Yesterday morning, while I was headed into the grocery store, I walked past a display of door mats. One caught my attention, it said, "Welcome. Just dont expect much."
I thought "wow", and I stood there for a moment, child in arms, and stared at it. Boy, did I need that welcome mat, but over the course of gathering my groceries I talked myself out of it.
First of all, it was'nt too inviting, and although meant to be humuros, it could also be taken the wrong way.
But as I shopped though, I couldn't help but thinking about all the expectations that have been bestowed upon me when I walked through the front door of my home, or when I greet someone at that very same door.
Welcome. Just don't expect much.
When my husband walks through the door he expects three things of me:
1. I'll be home.
2. To be greeted at the door.
3. Supper will be on the table.
But my husband isn't the only one who has expectations of me, so do my children. My oldest child expects me to be at the bus stop on time and see that we get home safely. Then after walking through the front entrance of our home, my oldest child also looks to me as a source of information for tutoring homework assignments, and my other children look at me as a source of getting their next meal, entertaining them, and readng to them during the day. At night, I'm expected to orchastrate the clean up of supper, bath time of children, and tucking-in at bedtime.
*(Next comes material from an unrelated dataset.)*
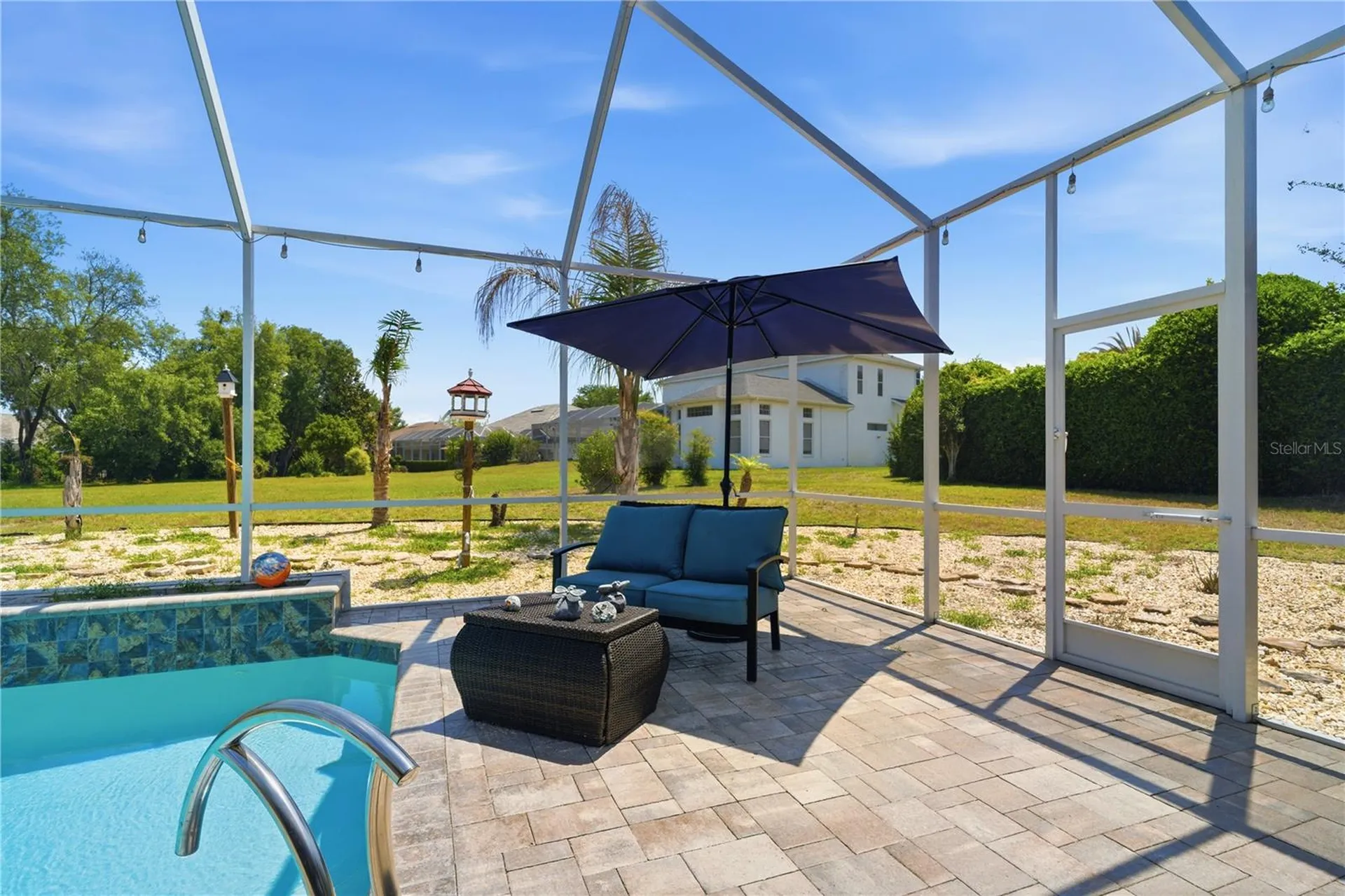 9272 Westshore Drive Weeki Wachee FL 34613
In addition to household chores and seeing to our home's maintenance.
Those are a lot of expectations to bring through the door. The list above could go on and on, and somedays I feel as if I'd like to shed those expectations, wipe my feet of them, and leave them on the mat while I serve a new purpose - one for myself.
Yet, I have a whole new list of expectations for myself. Just don't expect much. I don't, I expect everything from myself. Sometimes, when keeping up with the household, I, like many others I know, get stuck in a rut of "If I don't do it, it will never get done."
In most cases that maybe true, but more often than not, we would not have to do it alone if we asked, accept help from others, and voiced our need to those offering to help us. It's like stopping to ask for directions when you'd much rather keep driving around and around trying to find the right place to turn--only to become increasingly faustrated later.
Turning our expectations in the right direction is the first step of not letting expectations overwhelm you. Accepting there will always be expectations of yourself - by you and from others, elevates the weight expectations put on our shoulders and pull you down.
We fall when we let someone pull the mat out from under us. We stumble at the sight of another expectation finding it's way to increase the weight of our daily responsibilities. Yet, we strive best when we are able to take those expectations and rationalize them, make lists out of them, and take baby steps to achieve the ones most important to use.